FIG. 8 is an enlarged view of the square breakout area from FIG. 7 to better illustrate the layout of the cure spots which have been pre-cured, along with the stacks of holograms which have been written; and

FIGS. 9 and 10 are enlarged schematic diagrams illustrating a first and second step of an embodiment of a pre-curing and stack writing routine according to the method of the present invention which follows the pre-cure neighboring cure spot rule.

DETAILED DESCRIPTION

It is advantageous to define several terms before describing the invention. It should be appreciated that the following definitions are used throughout this application.

Definitions

Where the definition of terms departs from the commonly used meaning of the term, applicant intends to utilize the definitions provided below, unless specifically indicated.

For the purposes of the present invention, directional terms such as “top”, “bottom”, “above”, “below”, “left”, “right”, “horizontal”, “vertical”, “upward”, “downward”, etc. are merely used for convenience in describing the various embodiments of the present invention. The embodiments of the present invention may be oriented in various ways. For example, the embodiments shown in FIGS. 1 through 18 may be flipped over, rotated by 90° in any direction, etc.

For the purposes of the present invention, the term “coherent light beam” refers to a beam of light including waves with a particular (e.g., constant) phase relationship, such as, for example, a laser beam. A coherent light beam may also be referred to as light in which the phases of all electromagnetic waves at each point on a line normal to the direction of the light beam are identical, and may also include partially coherent light and light with finite or limited coherence length that many light sources have or provide.

For the purposes of the present invention, the term “data beam” refers to a beam containing a data signal. For example, a data beam may include beams that have been modulated by a modulator such as a spatial light modulator (SLM), along with a beam generated in response to a reference beam impingent on a holographic storage medium, where the generated beam includes data. The modulation of the data beam may be an amplitude, a phase or some combination of the amplitude and phase. The SLM may be reflective or transmissive. The data beam may be modulated into a binary state or into a plurality of states. The data beam may include data as well as headers that contain information about the data to be stored or where the data is stored. The data beam may also include known bits for a servo or to detect the location of the data once it is detected by or on a detector such as, for example, a CMOS sensor array.

For the purposes of the present invention, the term “data modulated beam” refers to a data beam that has been modulated by a modulator such as a spatial light modulator (SLM). The modulation of the data beam may be an amplitude, a phase or some combination of the amplitude and phase. The SLM may be reflective or transmissive. The data beam may be modulated into a binary state or into a plurality of states.
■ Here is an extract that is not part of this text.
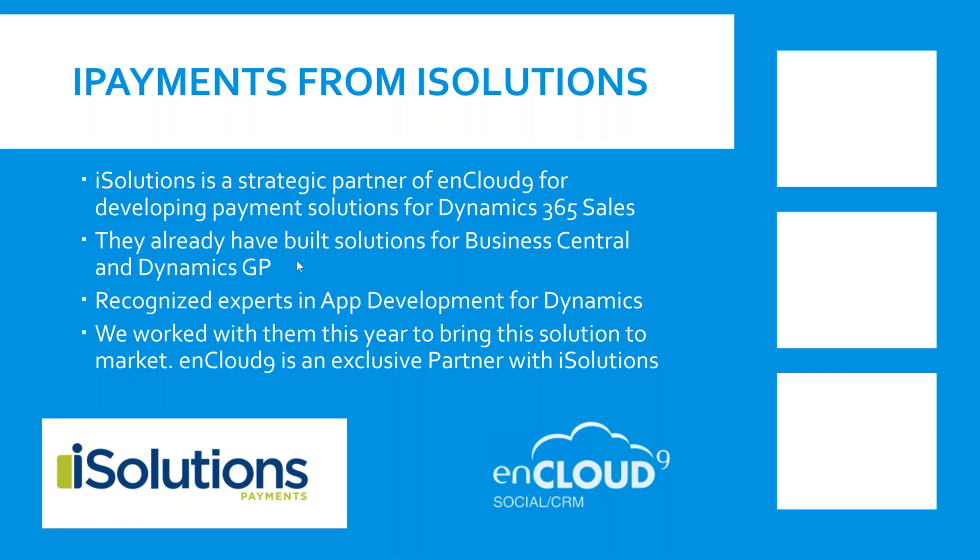We were the first customer to use it, and we've been using it successfully since about January of this year. They have brought this solution out to AppSource, so you can get it into your system today by going to Dynamics 365's AppSource website. And nCloud 9 is currently an exclusive partner with iSolutions to help bring customers on board with the iSolutions application.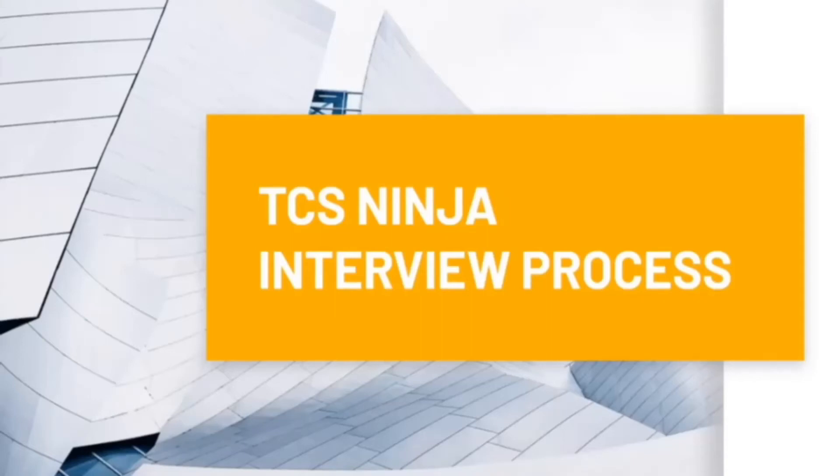Hello guys! In our channel, we are going to get great placement content. Following that, in our video, we will talk about TCS Ninja Interview and the recruitment process. So let's get started.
For the purposes of the present invention, the term “data modulator” refers to any device that is capable of optically representing data in a single bit or in one or two-dimensions from a signal beam.

For the purposes of the present invention, the term “holographic data” refers to data recorded, stored, written, etc., in the holographic storage medium as one or more holograms.
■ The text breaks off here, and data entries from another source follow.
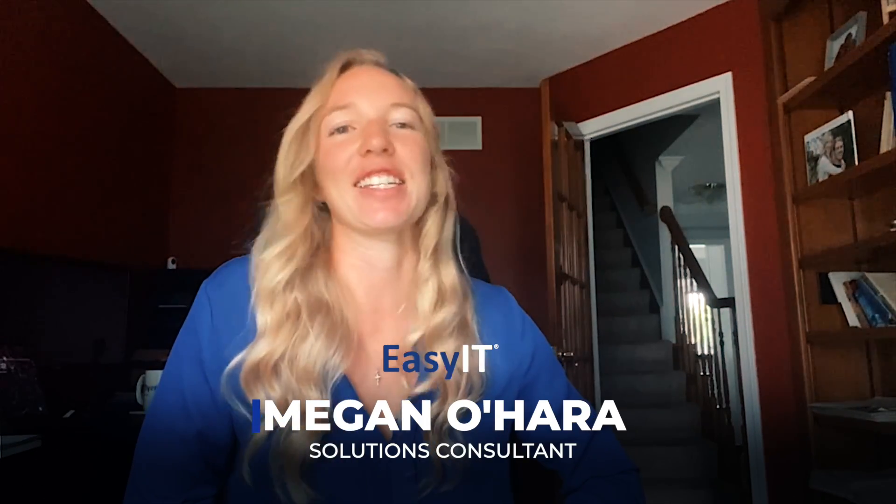Hey everyone, it's Megan here with another Mondays with Megan tech tip for you. This week we're going to learn how to avoid sending messages before they're ready to be sent in Teams. I know we've all been there, so stay tuned to learn how to fix this.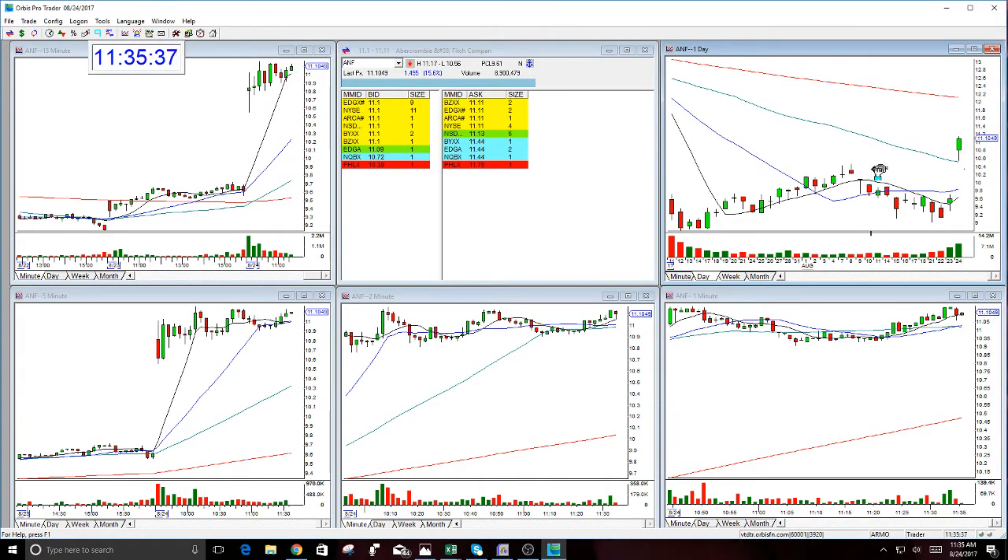Good morning everyone and welcome. This is Melissa Armo with the Stock Swoosh. Actually looks like it's afternoon almost. I'm reviewing here A&F. This looked like a good long here late — saw this late.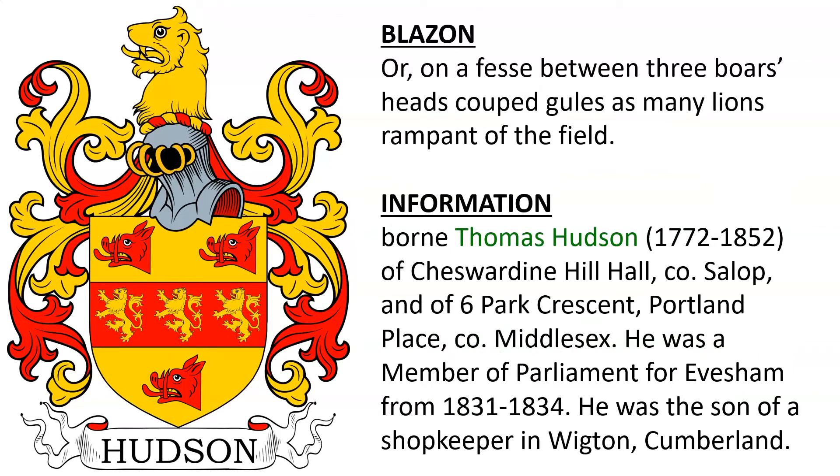Next is Or, on a fesse between three boars' heads couped Gules, as many lions rampant of the field. This coat of arms was borne by Thomas Hudson, born 1772, of Cheswardine Hill Hall and Salop, and of Park Crescent, Portland Place, County Middlesex. He was a Member of Parliament for Evesham between 1831 and 1834. He was the son of a shopkeeper in Wigton, Cumberland.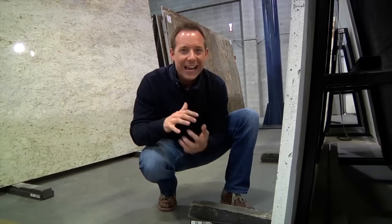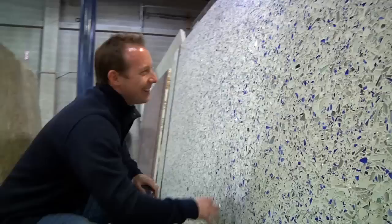Mike Baer tip of the week. I'm at my favorite granite supplier, Contempo Tile. A lot of people are putting in granite, marble, or engineered stone, but I want to show you something called Vitrazo.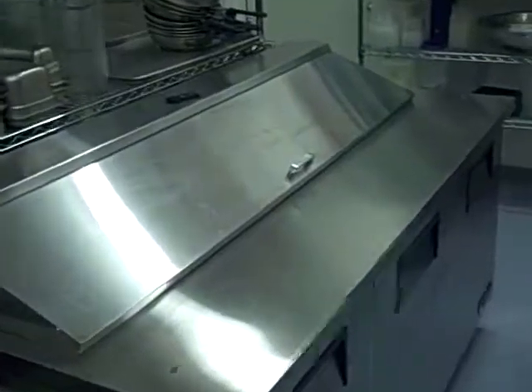Another neat addition to the kitchen is the lowboy that we purchased. It makes life a lot easier. We had a steam table here before with drop-ins where we could put ice and keep things cold on service.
For the purposes of the present invention, the term “data page” or “page” refers to the conventional meaning of data page as used with respect to holography. For example, a data page may be a page of data (i.e., a two-dimensional assembly of data), one or more pictures, etc., to be written or written in a holographic storage medium. The data page may include header information and known bits for servo and channel usage, as well as bits that represent the data to be stored or processed.

For the purposes of the present invention, the term “disk” refers to a disk-shaped holographic storage medium.
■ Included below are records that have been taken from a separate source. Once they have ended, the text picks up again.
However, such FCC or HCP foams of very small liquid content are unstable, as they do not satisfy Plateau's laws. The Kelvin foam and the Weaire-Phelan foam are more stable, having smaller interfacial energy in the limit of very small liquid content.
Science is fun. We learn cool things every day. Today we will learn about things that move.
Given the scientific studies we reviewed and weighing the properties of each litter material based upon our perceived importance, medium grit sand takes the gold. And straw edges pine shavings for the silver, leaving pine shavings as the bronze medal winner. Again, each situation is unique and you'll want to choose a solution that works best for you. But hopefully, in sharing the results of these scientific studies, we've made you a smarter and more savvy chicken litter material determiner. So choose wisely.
For the purposes of the present invention, the terms “holographic grating,” “holograph” or “hologram” (collectively and interchangeably referred to hereafter as “hologram”) are used in the conventional sense of referring to an interference pattern formed when a signal beam and a reference beam interfere with each other. In cases wherein digital data is recorded page-wise, the signal beam may be encoded with a data modulator, e.g., a spatial light modulator, etc.

For the purposes of the present invention, the term “storage medium” refers to any component, material, etc., capable of storing information, such as, for example, a holographic storage medium.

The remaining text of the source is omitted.